Leg ulcers, also known as venous ulcers or stasis ulcers, are non-healing or slow-to-heal wounds on the skin that are most commonly caused by improper blood flow in your veins. Leg ulcers are a serious, and often long-term condition that is difficult to treat and may require multiple long-term therapies. Leg ulcer treatments can include compression, medication, or surgery.
Treating leg ulcers
Leg ulcers can have a significant impact on your quality of life, and treatment can be challenging. Your doctor can work with you to create a plan to heal your leg ulcer with a combination of conservative therapy, medication, and surgery.
- Compression in the form of bandages, gauze wrappings, and graduated compression stockings can improve your blood flow.
- Dressings over the ulcer can help keep it clean and prevent it from sticking to bandages or clothes.
- Lifestyle changes like regular exercise, elevating your legs, quitting smoking, eating a healthy diet and maintaining a healthy weight can improve your vein health.
- Vaccum assisted closure, also known as topical negative pressure, can shrink the size of the ulcer and help it heal by removing excess fluid and promoting blood flow.
- Hyperbaric oxygen therapy is a non-invasive procedure where your leg is placed in a chamber that feeds pure oxygen to the wound, helping with inflammation and infection.
- Antibiotics and antiseptics are used to treat infection in and around the ulcer.
- Anti-clotting or anti-platelet medications help prevent blood clots and improve your blood flow.
- Aspirin taken daily has been shown to speed up healing, especially in combination with compression therapy.
- Oral zinc can help with inflammation and speed up healing.
- Debridgement is the process of removing dead tissue and foreign material like dirt from your wound.
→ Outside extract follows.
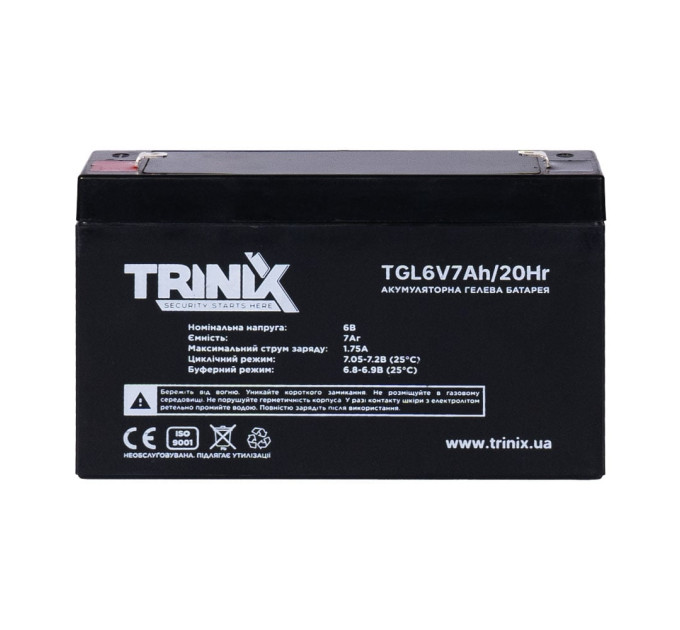 Акумуляторна батарея гелева 6В 7Аг Trinix TGL6V7Ah/20Hr GEL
It’s usually one on larger, deeper ulcers.
- Skin grafting applies healthy skin from your body to the ulcer to help it heal.
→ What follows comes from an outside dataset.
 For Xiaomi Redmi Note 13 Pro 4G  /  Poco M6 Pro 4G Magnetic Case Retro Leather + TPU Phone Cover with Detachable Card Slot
- Endovenous thermal ablation is a non-invasive procedure that uses a thin, wire-like catheter inserted into your varicose veins to heat them up from the inside. This shrinks and collapses the treated vein.
- Endoscopic vein surgery is a non-invasive procedure that uses a catheter inserted into your vein. The catheter has a camera and surgical tool. This can be used to close up your vein.
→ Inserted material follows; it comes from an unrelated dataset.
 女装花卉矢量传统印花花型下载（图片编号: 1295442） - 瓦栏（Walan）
- Phlebectomy removes your unhealthy veins through tiny cuts or punctures in your skin.
- Sclerotherapy is a non-invasive chemical injection that shrinks and collapses your varicose veins to make them eventually dissolve.
Symptoms of leg ulcers
Venous ulcers appear as painful, shallow sores on the surface of your skin that look inflamed or red. They usually appear on top of bony areas around your ankles, but can develop in other areas as well. Venous ulcers are slow to heal, or may not heal at all without treatment. If the ulcer is infected it may have an odor or give off a yellow or green fluid. There can also be skin discoloration, thickening of the skin, and varicose veins in the area.
Leg ulcers can also have a psychological impact on you as well because they can affect your sleep, mobility, and even your social life. It’s important to discuss any anxiety, depression, or other mental effects with your doctor and address these symptoms as well.
Causes of leg ulcers
Venous ulcers are most commonly caused by improper, backwards blood flow in your veins that leads to pooling blood and increased pressure in your veins. Your veins have one-way valves inside of them that help your blood move back up to your heart, but these valves can be damaged by conditions like venous insufficiency and venous stasis. If these conditions are left untreated, it can damage your veins and lead to ulcers.
Venous ulcers are more common in women and older people, and risk factors include obesity, previous leg injuries, deep blood clots (called deep vein thrombosis, or DVT), and vein inflammation (phlebitis).
Diagnosing leg ulcers
Your doctor can diagnose leg ulcers by performing a physical exam, checking your blood pressure in your limbs, and performing imaging tests like duplex ultrasound, X-rays, or MRI. These imaging tests check how well blood flows through your veins. They can also detect blockages in your veins and see if there are specific vein segments that aren’t working properly.
There are many different treatments and therapies for leg ulcers, and the cost of treating venous leg ulcers varies depending on your area, physician and insurance coverage. You can speak with your doctor and health insurance provider for more exact cost information.